He insisted, however, that the protesters have not given up, and that Sarkozy's reform still "sticks in their throat" and would translate itself into increased industrial tension in coming months.
"Even if the law has been voted, it doesn't mean people accept retirement has to be pushed back. It leaves deep scars, there's discontent, deep anger ... there will be tensions over salaries inside firms," he said.
At least one more day of action is planned after Thursday, on November 6, but the French parliament has approved Sarkozy's pensions bill and his aides say he intends to sign it into law on or around November 15.
France's Socialist opposition, which accuses the right-wing government of forcing ordinary workers to work longer to compensate for the failures of high finance, demanded that the president stay his pen.
"The plan is for the social movement to prevent the government from enacting a law that can't be good, because it has been rejected by seven French people in ten," said party spokesman Benoit Hamon.
Sarkozy's administration have all along insisted that raising the retirement age is not only necessary but "inevitable", with the French population ageing and the public deficit expanding.
Finance Minister Christine Lagarde said the law was "a good thing for the economy and for the balance of our public finances" and warned that any U-turn on the reform now would plunge the financial markets into "a zone of uncertainty".

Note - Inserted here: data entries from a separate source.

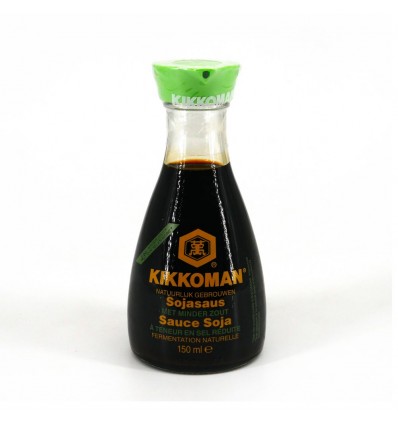 NIPPON & CO Salsa di soia con meno sale in una caraffa antigoccia, DISPENSER KIKKOMAN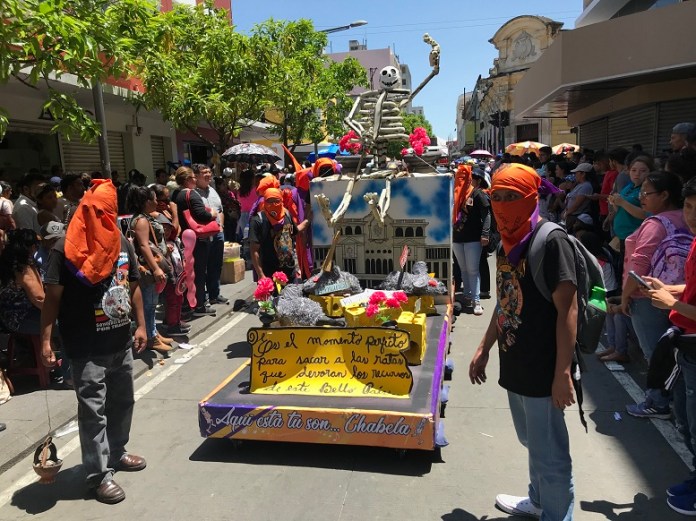 Desfile Bufo. Foto La Hora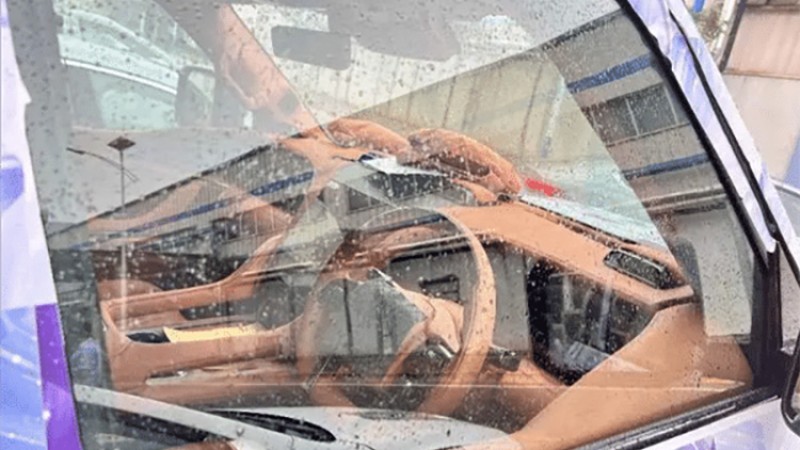 बीवाइडीको यू-८ राइट ह्याण्ड ड्राइभमा तयार हुँदै, आउला नेपाल ?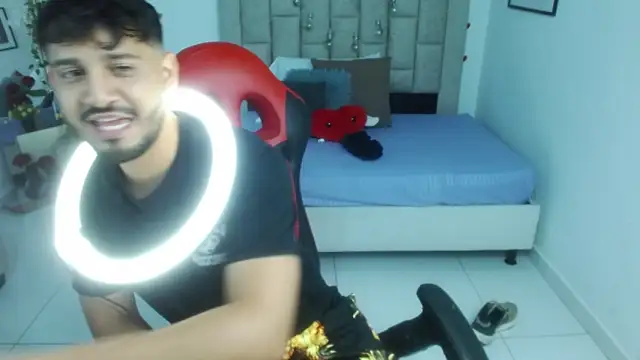 Enzo_fox webcam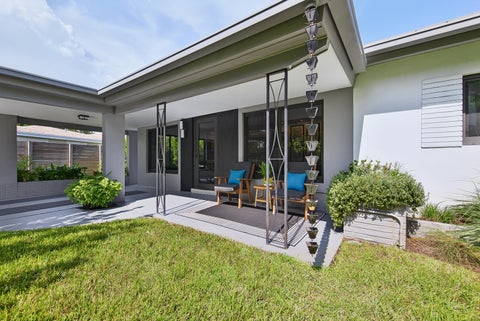 Tiny photo for 4850 NE 5TH Avenue, Oakland Park, FL 33334 (MLS # B26078675)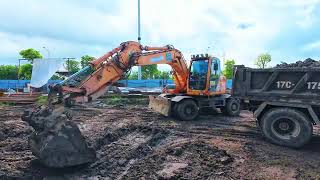 máy xúc cuốc cây xúc đất Excavator shovels dirt [upl. by Aram]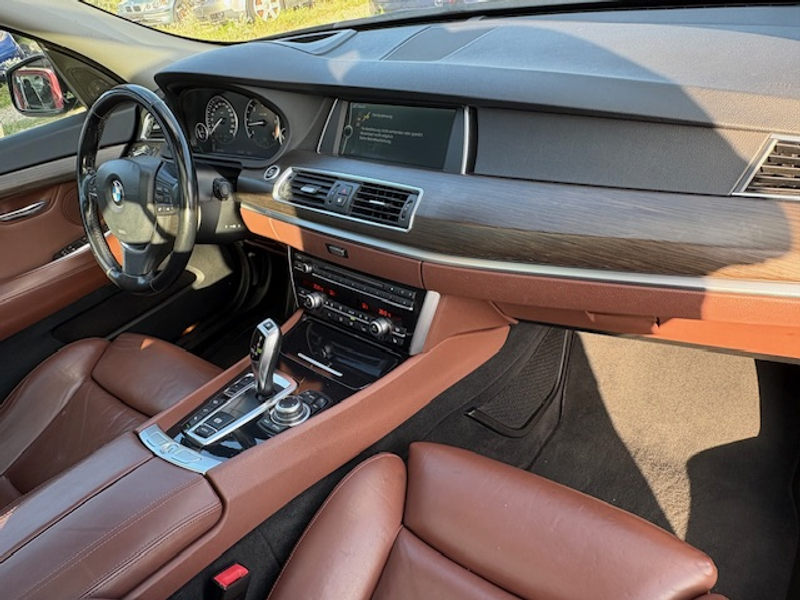 BMW 530 530 d xDrive GT — photo 14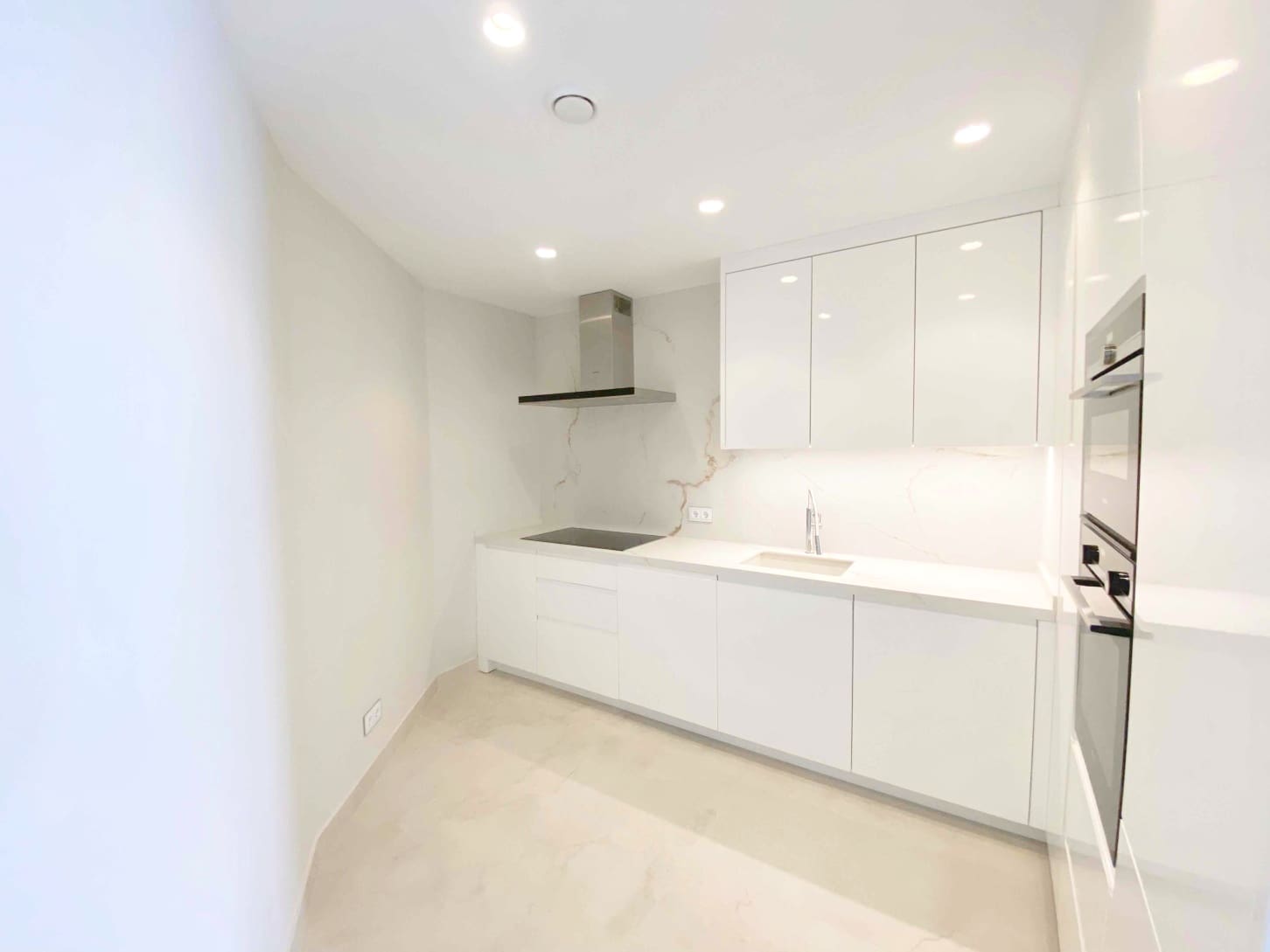 4 soveværelse Lejlighed til salg i Benidorm med swimmingpool garage - € 1.650.000 (Ref: 9115571)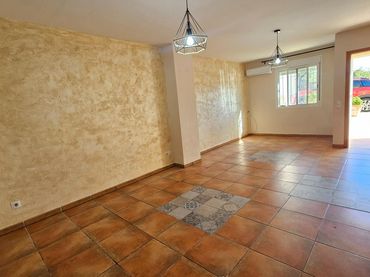 Casa a schiera con balcone in vendita a Barrio Aulagar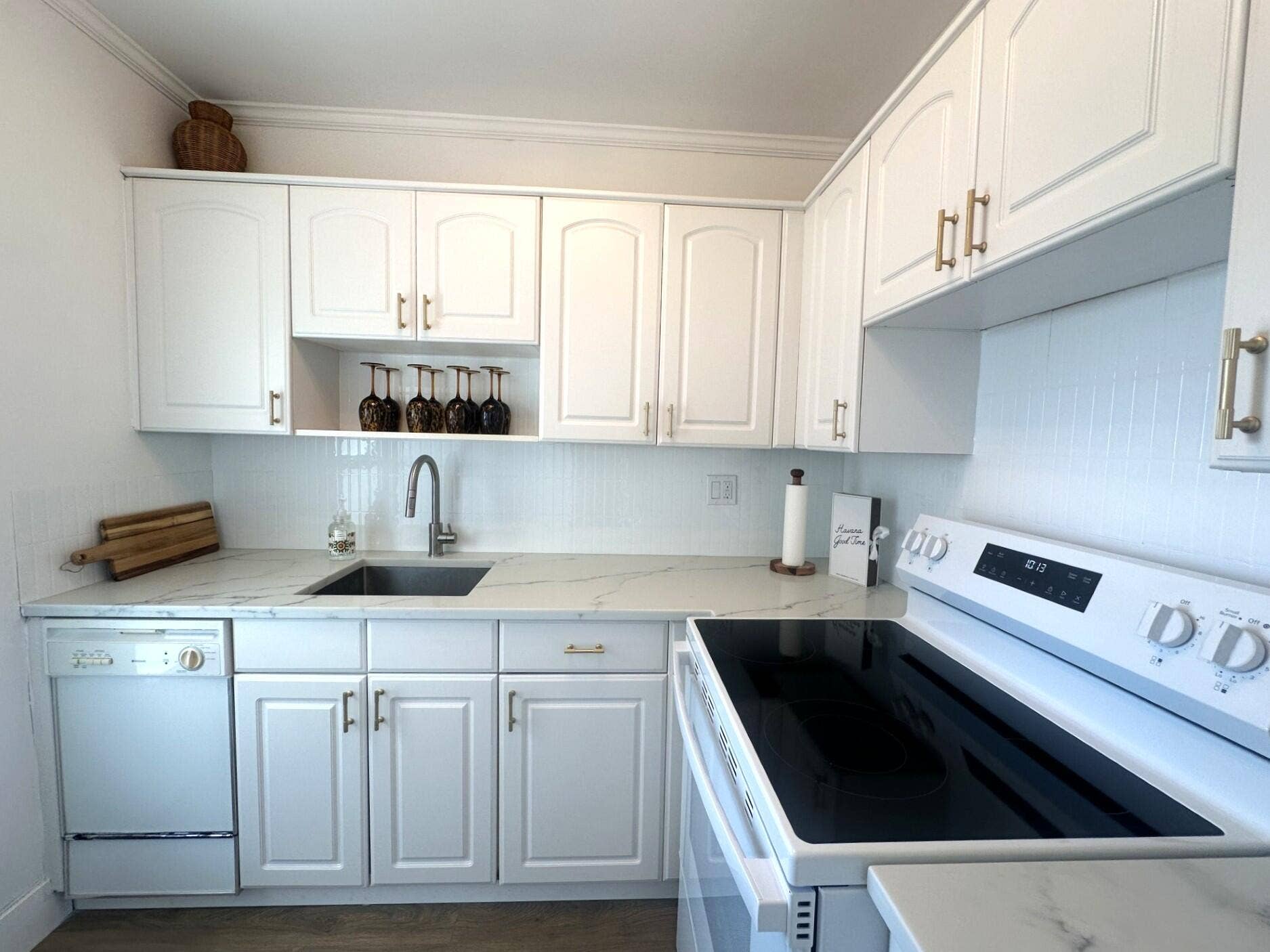2555 NE 11th Street, #804, Fort Lauderdale, FL 33304 Kitchen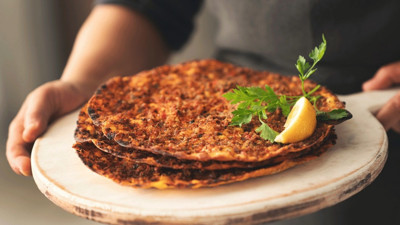 Bin 450 liraya lahmacun sattı cezayı yedi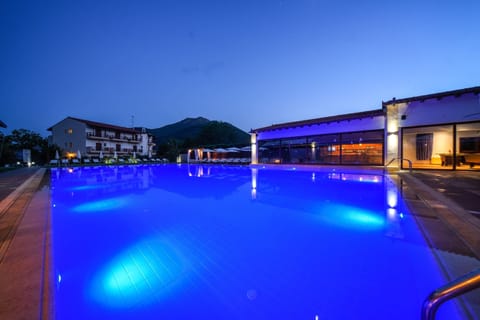 Seasonal outdoor pool, pool umbrellas, sun loungers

Half of domestic flights were cancelled at Paris' second airport Orly, and authorities predicted that a third of them would be cancelled at the city's main international hub at Charles de Gaulle.
Rail services were also affected, with only six regional expresses and eight TGV high-speed links to Paris in 10 working.
Nevertheless, Paris public transport was expected to work normally.
The main protest rally of the day was to start in Paris at 1:00 pm (1100 GMT), and was expected to draw hundreds of thousands in its own right.
Sarkozy's approval rating is languishing at a new low of 29 percent, but he nevertheless hopes a pension reform victory can help restore his political fortunes in the run-up to re-election in 2012.